It is essential, however, not to understand the relation between production and reproduction in a mechanistic or deterministic manner. In fact, if Marx understands capitalist society as a totality, he nonetheless does not understand it as an “expressive” totality: put otherwise, there is no automatic or direct “reflection” between the different moments of this totality (art, culture, economic structure, etc.), or between one particular moment and the totality as a whole.
At the same time, an analysis of capitalism that does not understand this unity between production and reproduction will fall back into a vulgar materialism or economism, and Marx does not make this mistake. Beyond his political writings, Capital itself is proof of this, for example in the sections on the struggle over the working day or on primitive accumulation. In these passages, one can clearly see that coercion, the active intervention of the State, and class struggle are in fact constitutive components of a relation of exploitation that is not determined by purely economic or mechanical laws.
These observations allow us to highlight how this idea that Marx conceives capitalism solely in economic terms is untenable. This is not to say that there have not been reductionist or vulgar materialist tendencies within the Marxist tradition. This means, however, that these tendencies relied on a fundamental misunderstanding of the nature of the Marxian critique of political economy and a fetishization of economic laws, the latter conceived as static things or as abstract structures rather than as forms of activity or human relations.
An alternative, opposed assumption to the separation between the purely economic laws of capitalism and other systems of domination amounts to conceiving the unity between production and reproduction as a direct identity. This point of view characterizes a section of Marxist-feminist thought, in particular the workerist tradition, which insisted on seeing reproductive labor as directly productive of surplus-value, and thus governed by the same laws.
Again, for reasons of space, I will limit myself to the observation that such a point of view returns to a form of reductionism, which obscures the difference between various social relations and does not help us understand the specific characteristics of diverse relations of domination that are not only constantly reproduced but also transformed within each capitalist social formation.

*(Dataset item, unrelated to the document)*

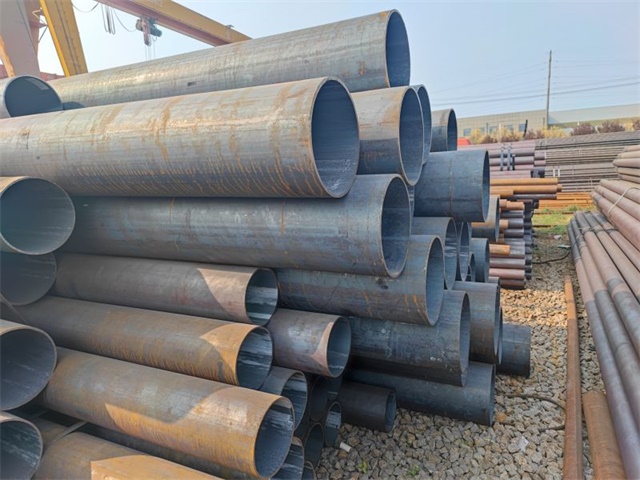 常德16mn低合金无缝钢管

Moreover, it does not help us to analyze the specific way in which certain relations of power are located outside of the labor market, while still being indirectly influenced by this market: for example, through different forms of commodity consumption, or through the objective constraints that wage labor (or its equivalent, unemployment) imposes on personal life and interpersonal relationships.
To conclude, I propose to rethink the Marxian critique of capitalism as a critique of an articulated and contradictory totality of relations of exploitation, domination, and alienation.
Social Reproduction and “Unitary Theory”
In light of this methodological clarification, we now have to understand what is meant by “social reproduction” within what is generally called “unitary theory.” The term social reproduction, in the Marxist tradition, usually indicates the process of reproduction of a society in its totality, as already mentioned. In the feminist Marxist tradition, however, social reproduction means something more precise: the maintenance and reproduction of life, at the daily or generational level. In this context, social reproduction designates the way in which the physical, emotional, and mental labor necessary for the production of the population is socially organized: for example, food preparation, youth education, care for the elderly and the sick, as well as questions of housing and all the way to questions of sexuality…
The concept of social reproduction has the advantage of enlarging our vision of what was previously called domestic labor, and which a large part of Marxist-feminism has focused on. In fact, social reproduction includes within its concept a series of social practices and types of labor that go well beyond only domestic labor. It also makes it possible to extend analysis outside the walls of the home, since the labor of social reproduction is not always found in the same forms: what part of the latter comes from the market, the welfare state, and family relations, remains a contingent question that depends on specific historical dynamics and feminist struggles.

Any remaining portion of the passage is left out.